→ SUPPLIED INFORMATION:
↓↓↓

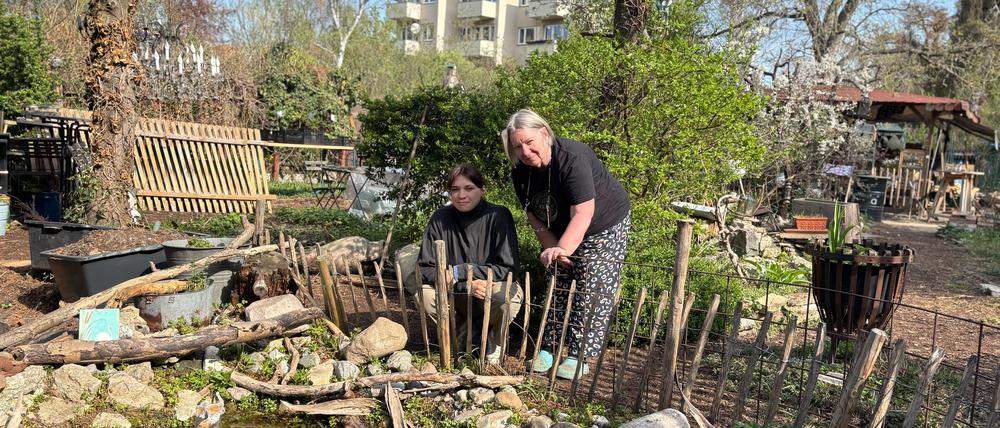 Hélène Jean und Karin Zwick (r.) vom Verein „Silent Rixdorf“, aufgenommen am 14. April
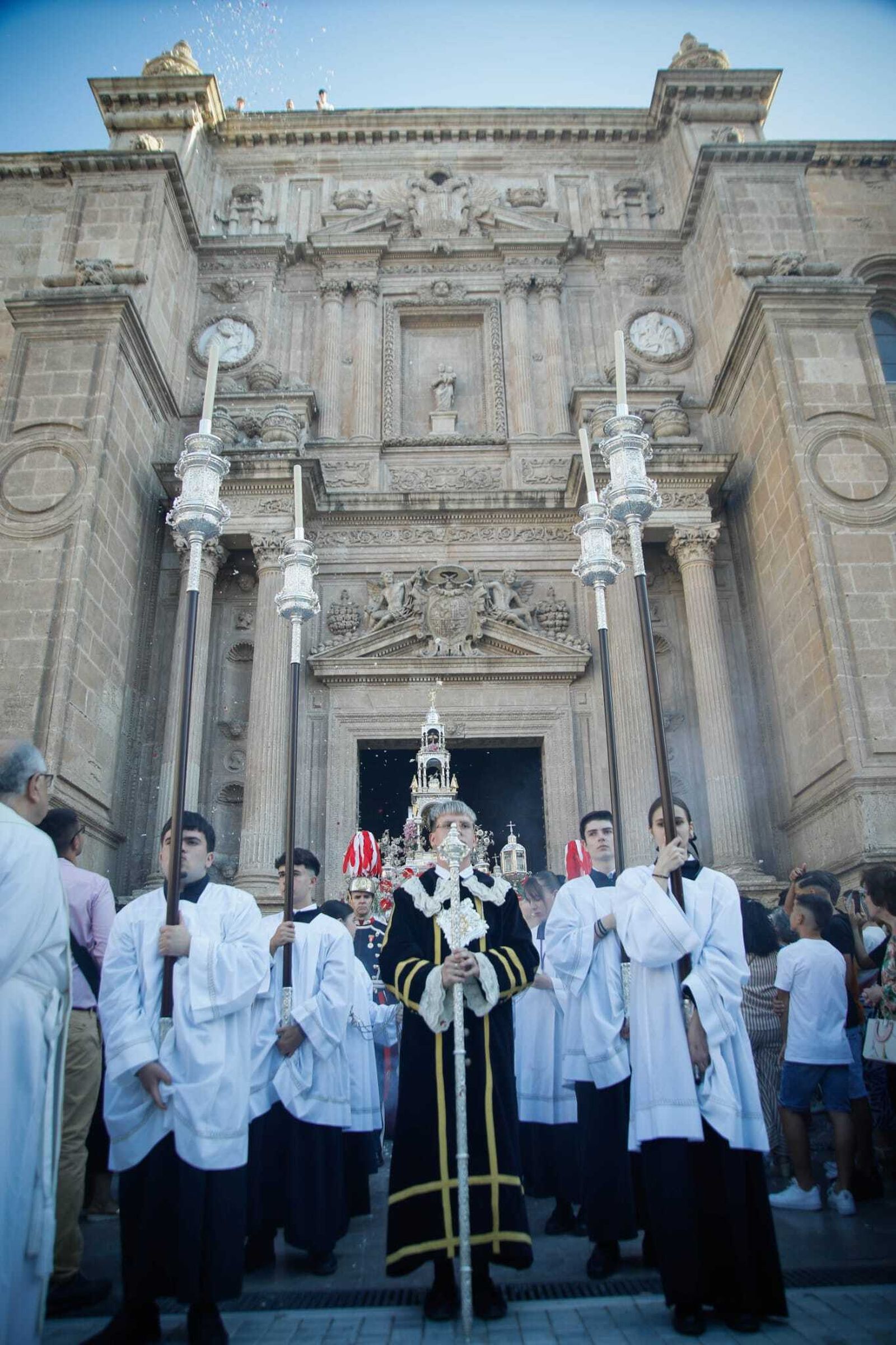 Imágenes de la procesión del Corpus Christi en Almería: así han sido la misa y la posterior marcha por la capital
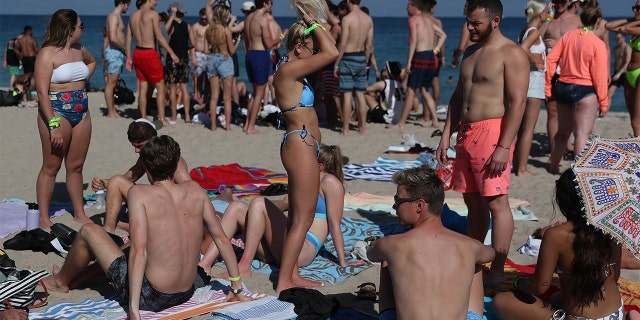People walk on the beach on March 04, 2021 in Fort Lauderdale, Florida. College students have begun to arrive in the South Florida area for the annual spring break ritual. City officials are anticipating a large spring break crowd as the coronavirus pandemic continues. They are advising people to wear masks if they cannot social distance. (Photo by Joe Raedle/Getty Images)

↑↑↑

→ WORK ORDER: Everything in the material must be duplicated exactly, except the pictures.

→ EXERCISE RESPONSE:
 Hélène Jean und Karin Zwick (r.) vom Verein „Silent Rixdorf“, aufgenommen am 14. April
 Imágenes de la procesión del Corpus Christi en Almería: así han sido la misa y la posterior marcha por la capital
People walk on the beach on March 04, 2021 in Fort Lauderdale, Florida. College students have begun to arrive in the South Florida area for the annual spring break ritual. City officials are anticipating a large spring break crowd as the coronavirus pandemic continues. They are advising people to wear masks if they cannot social distance. (Photo by Joe Raedle/Getty Images)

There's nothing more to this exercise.